Zach Wong: My interest in Tarot originated as an attraction to the art present within the medium. From a young age, I explored the imagery associated with it, by copying the art of various decks which were published in books. As I grew older I found myself at odds with the existing decks which were available in the late 90’s. While some of them were aesthetically stunning, they failed to resonate within me. Eventually, after graduating from Architecture and running away from home, I found a lot of time on my hands to explore Tarot with less distractions. After revisiting my previously mentioned frustrations, I decided the only logical thing to do was to create my own deck. The reasoning seemed fair: it would have a personal connection and it would give me a canvas to explore the symbology as well as introducing aspects which were important to myself.
The important thing to note though, is that from my exploration of decks online, and various publishing catalogues, there was a obvious lack of decks which had imagery for the reversals. I decided that my deck would incorporate reversed images, if only to make it easier for me to understand each card as a ‘whole’ instead of just one part. At this point it is also important to note that I was working in relative isolation. I had no contact with the Tarot community as it was a personal project that was never intended to see the light of day outside my circle of friends and family.
Mister Tarot: Is your work background related to your creative activities?
Zach Wong: My current work life is a fine balance between the melancholy of administrative work, and the self indulgent development of my artistic creativity. Splattered somewhere in between is sporadic attempts at love, life and a healthy exploration of cooking. I do have a degree in the Bachelor of Architecture, from the University of SA. However, I have at this point in time, chosen not to go down that avenue.
Mister Tarot: Was it always intended as a deck and book set, or were you just fulfilling a creative urge to draw a new version of some Tarot cards?
Zach Wong: The deck was never intended for mass publishing, as it was more a personal journey of the Tarot. I did consciously adhere to dimensions for publishing purposes, but this was primarily for the intent of self publishing. I figured it would be better to stick to convention, to make the process less daunting if I ever chose to self publish. I was very lucky to have Llewellyn accept my submission. They made the process very seamless, and were helpful every step of the way. I was very reluctant to produce a companion book for two reasons. Firstly, after five years of university, I hated the idea of writing another ‘report’. Secondly, I would have preferred to define the images with text, if only to encourage the users of my deck to come up with their own definitions, based on what they saw. Llewellyn encouraged me to produce much more than my initial submission of a paragraph for each card, which resulted in a 216 page book. In retrospect, I can see how the book has helped many people bridge the gap between starting as a beginner to approaching as novice reader.

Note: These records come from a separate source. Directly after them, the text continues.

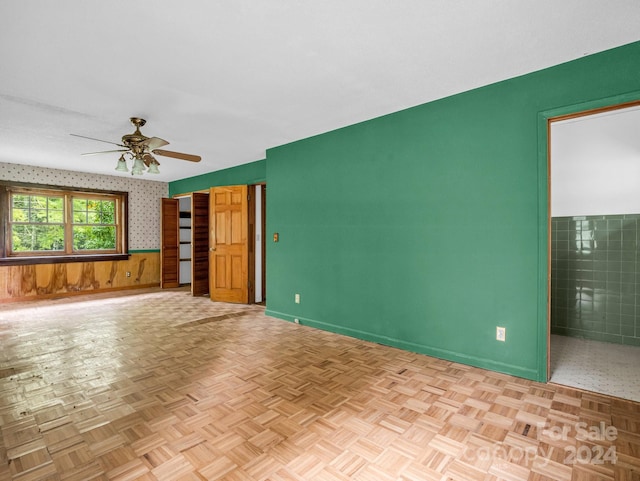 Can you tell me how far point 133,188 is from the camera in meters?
7.41

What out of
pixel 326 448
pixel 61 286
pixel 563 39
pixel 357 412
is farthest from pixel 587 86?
pixel 61 286

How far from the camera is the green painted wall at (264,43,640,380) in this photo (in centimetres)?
263

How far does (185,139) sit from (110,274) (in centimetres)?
418

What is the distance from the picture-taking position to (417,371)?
2830 millimetres

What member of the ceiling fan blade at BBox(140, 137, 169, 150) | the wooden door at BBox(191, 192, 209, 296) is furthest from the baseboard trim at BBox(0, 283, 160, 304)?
the ceiling fan blade at BBox(140, 137, 169, 150)

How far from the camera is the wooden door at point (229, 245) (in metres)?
5.61

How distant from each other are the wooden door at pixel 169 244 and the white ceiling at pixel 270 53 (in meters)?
3.68

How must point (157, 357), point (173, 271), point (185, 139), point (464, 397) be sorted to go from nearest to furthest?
point (464, 397), point (157, 357), point (185, 139), point (173, 271)

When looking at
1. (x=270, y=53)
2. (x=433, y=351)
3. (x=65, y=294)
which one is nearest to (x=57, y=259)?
(x=65, y=294)

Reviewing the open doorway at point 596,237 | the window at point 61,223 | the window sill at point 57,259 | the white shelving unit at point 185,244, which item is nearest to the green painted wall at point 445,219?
the open doorway at point 596,237

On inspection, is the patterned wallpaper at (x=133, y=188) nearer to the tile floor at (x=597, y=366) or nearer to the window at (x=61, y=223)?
the window at (x=61, y=223)

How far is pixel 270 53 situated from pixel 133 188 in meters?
6.33

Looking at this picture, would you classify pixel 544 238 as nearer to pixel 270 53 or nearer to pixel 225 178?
pixel 270 53

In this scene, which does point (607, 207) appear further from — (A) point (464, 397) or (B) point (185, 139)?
(B) point (185, 139) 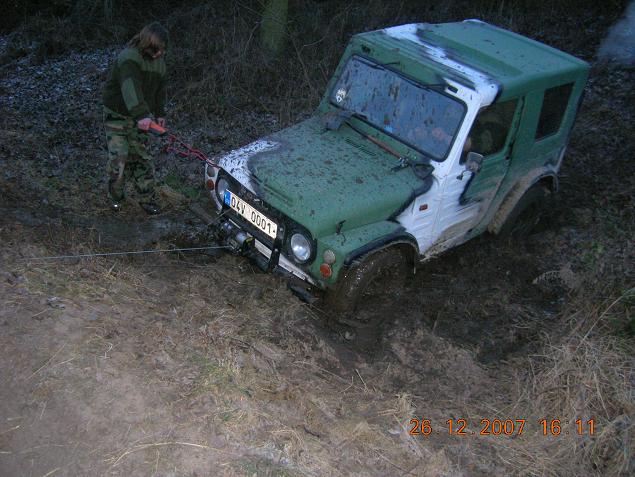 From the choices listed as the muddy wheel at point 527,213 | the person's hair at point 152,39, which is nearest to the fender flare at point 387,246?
the muddy wheel at point 527,213

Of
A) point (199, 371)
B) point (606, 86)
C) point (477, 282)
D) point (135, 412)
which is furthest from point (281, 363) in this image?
point (606, 86)

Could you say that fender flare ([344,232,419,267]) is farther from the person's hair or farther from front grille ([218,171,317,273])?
the person's hair

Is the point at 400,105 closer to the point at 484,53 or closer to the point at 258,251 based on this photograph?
the point at 484,53

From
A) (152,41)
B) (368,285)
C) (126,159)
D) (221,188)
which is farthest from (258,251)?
(152,41)

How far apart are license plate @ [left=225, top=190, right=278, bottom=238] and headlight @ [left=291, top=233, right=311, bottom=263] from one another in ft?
0.56

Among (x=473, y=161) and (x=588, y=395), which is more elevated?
(x=473, y=161)

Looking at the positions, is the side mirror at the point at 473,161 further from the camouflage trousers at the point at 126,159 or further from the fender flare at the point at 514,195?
the camouflage trousers at the point at 126,159

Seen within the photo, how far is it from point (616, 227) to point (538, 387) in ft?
9.59

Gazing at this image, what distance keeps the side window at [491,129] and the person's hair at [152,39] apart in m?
2.58

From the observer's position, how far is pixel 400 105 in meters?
4.76

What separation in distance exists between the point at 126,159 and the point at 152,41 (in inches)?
44.5

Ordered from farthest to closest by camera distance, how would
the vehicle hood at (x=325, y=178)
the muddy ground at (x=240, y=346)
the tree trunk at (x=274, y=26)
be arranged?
the tree trunk at (x=274, y=26) < the vehicle hood at (x=325, y=178) < the muddy ground at (x=240, y=346)

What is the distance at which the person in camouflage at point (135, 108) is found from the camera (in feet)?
15.7

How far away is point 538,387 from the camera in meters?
4.04
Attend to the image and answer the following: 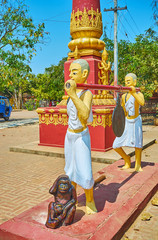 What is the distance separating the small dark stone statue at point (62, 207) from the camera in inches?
111

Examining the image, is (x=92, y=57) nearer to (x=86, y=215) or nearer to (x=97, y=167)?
(x=97, y=167)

Mister Tarot: Why was the concept of creating ‘reversed’ images so important to you?
Zach Wong: Reversals are important because we, as a community, talk about it and acknowledge it’s there. To me, it is the ‘elephant in the room’. Many avoid it, others embrace it. By creating a deck which gives it equal visual footing, it forefronts, the different aspects of the card.
Mister Tarot: What’s your way of describing the quality of the reversed images, as compared to the upright ones?
Zach Wong: Unfortunately, there’s never an easy way of classifying a reversed card. I’ve always viewed it as the ‘other’ aspect of the card, whether it be an opposite meaning, a lesser one, a shadowed aspect, or simply another point of view of the same theme. What it does do, along with the upright image, is encourage us to consider the bigger theme of a card, instead of a simple go-to meaning.
Mister Tarot: How long have you been working on this project?
Zach Wong: The deck itself took three years to produce. The majors were all lined up within three months, but the minors took two years, off and on, due to the interference of life and the pursuit of happiness. After a series of personal events in my life, I decided to finally invest time and money to finish off the deck. There was a furious two months of three to six hour days, on top of my standard 8 to 5 job, that went into the completion of the deck.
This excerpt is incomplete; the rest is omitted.